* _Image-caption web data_
######

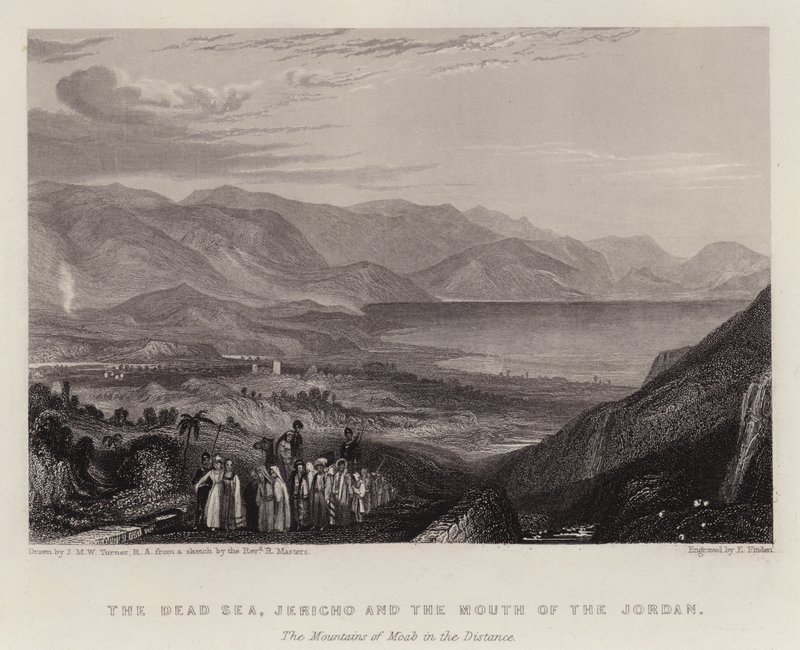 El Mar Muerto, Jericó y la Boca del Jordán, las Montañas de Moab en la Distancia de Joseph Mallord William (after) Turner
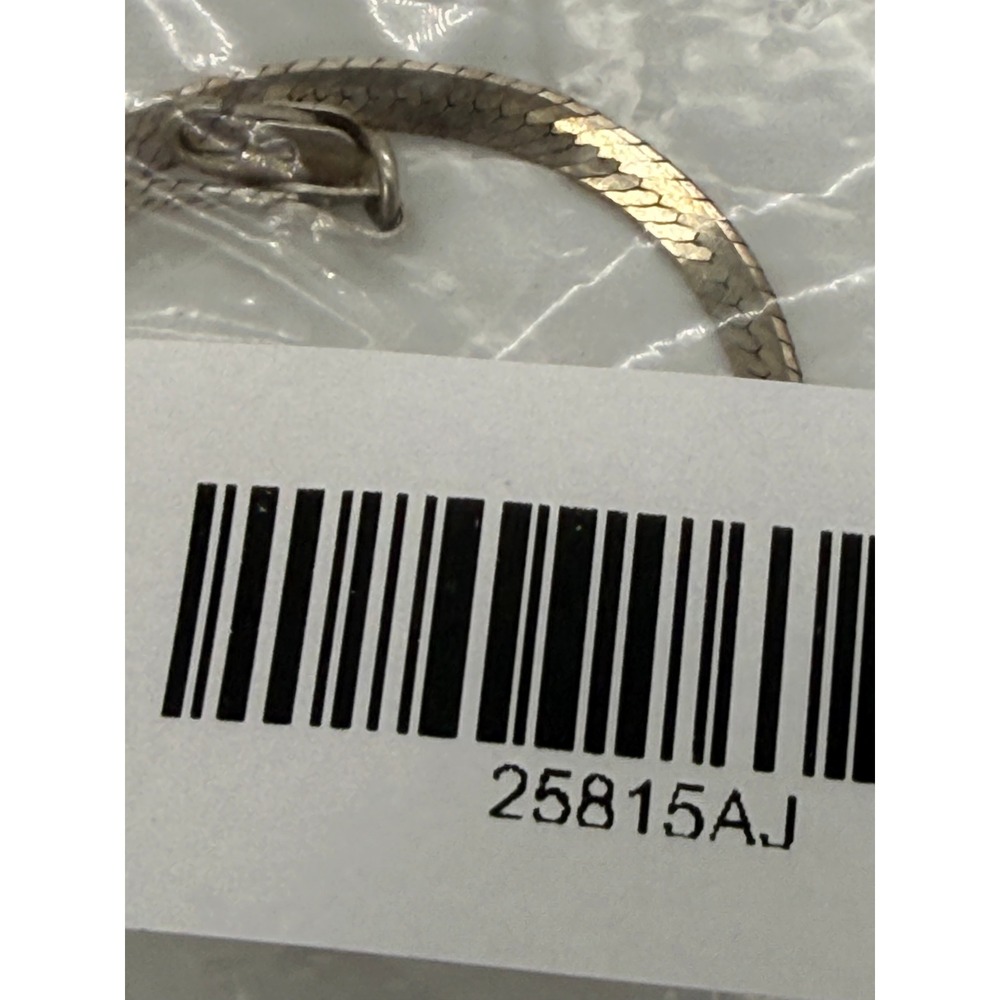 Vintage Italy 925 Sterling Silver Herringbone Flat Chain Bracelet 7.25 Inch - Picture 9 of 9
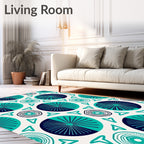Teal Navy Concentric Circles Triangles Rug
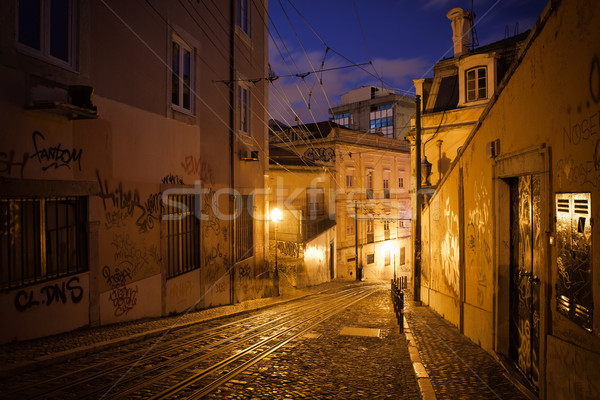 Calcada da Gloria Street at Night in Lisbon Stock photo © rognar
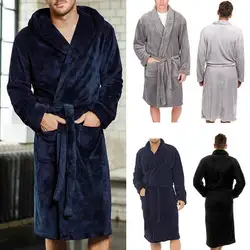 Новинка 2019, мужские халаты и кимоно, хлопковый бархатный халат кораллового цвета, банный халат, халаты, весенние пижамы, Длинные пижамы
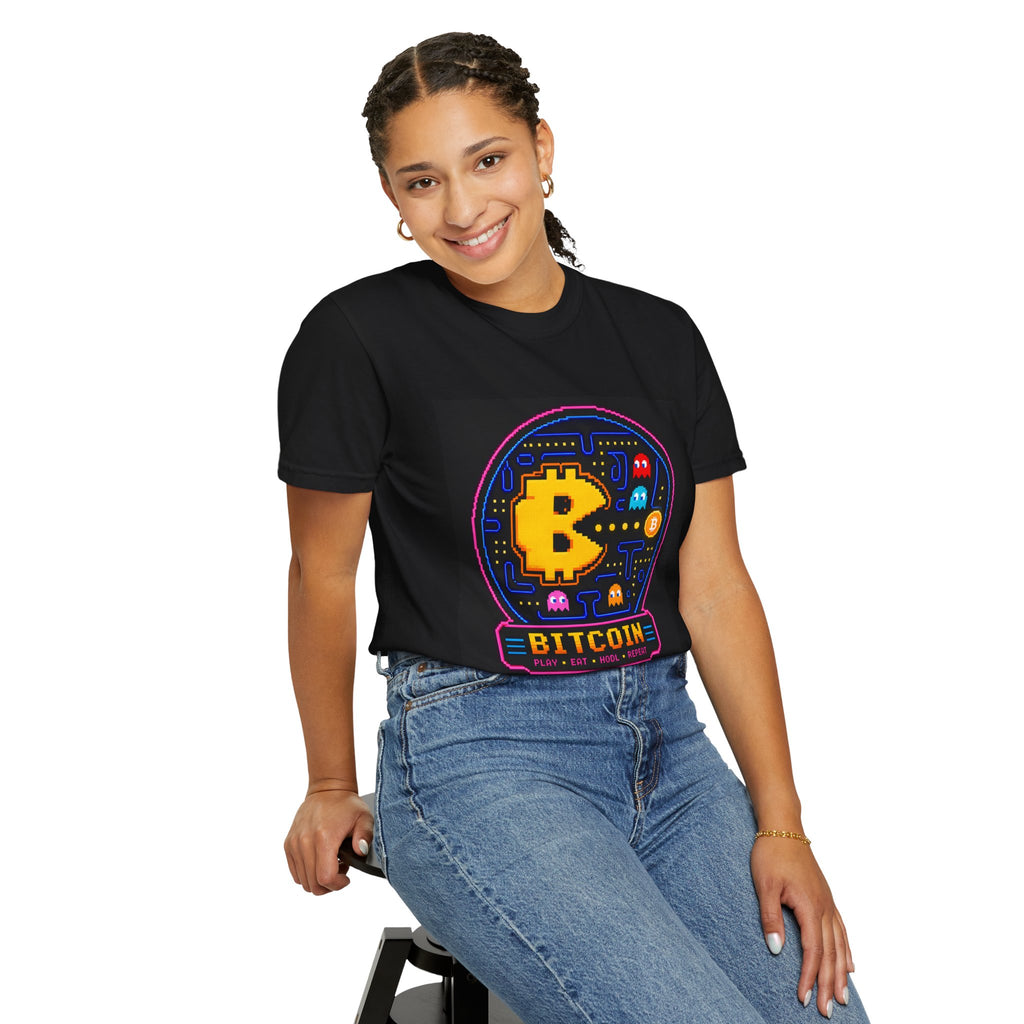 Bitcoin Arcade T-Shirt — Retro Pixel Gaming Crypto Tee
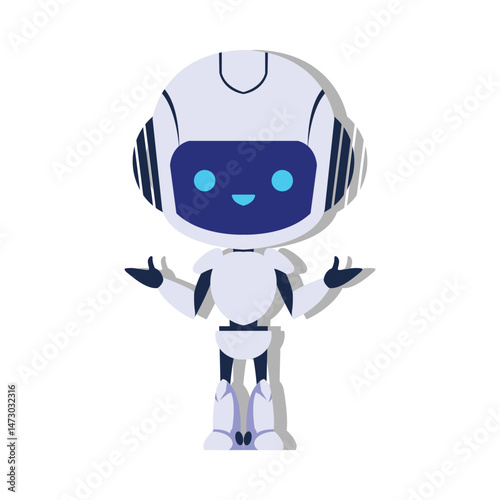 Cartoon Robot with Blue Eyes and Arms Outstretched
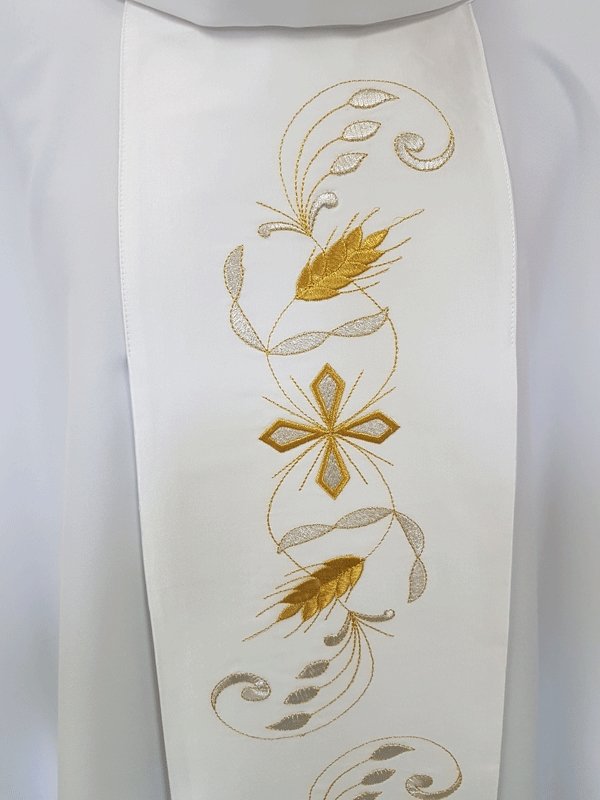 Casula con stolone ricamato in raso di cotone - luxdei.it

######

* _What you have to do_
Going by the data above, give back only the lines from the one containing "Vintage Italy 925" through the one containing "Bitcoin Arcade T-Shirt", exactly as they stand, both ends included and no images.

* _Written answer_
 Vintage Italy 925 Sterling Silver Herringbone Flat Chain Bracelet 7.25 Inch - Picture 9 of 9
Teal Navy Concentric Circles Triangles Rug
 Calcada da Gloria Street at Night in Lisbon Stock photo © rognar
 Новинка 2019, мужские халаты и кимоно, хлопковый бархатный халат кораллового цвета, банный халат, халаты, весенние пижамы, Длинные пижамы
 Bitcoin Arcade T-Shirt — Retro Pixel Gaming Crypto Tee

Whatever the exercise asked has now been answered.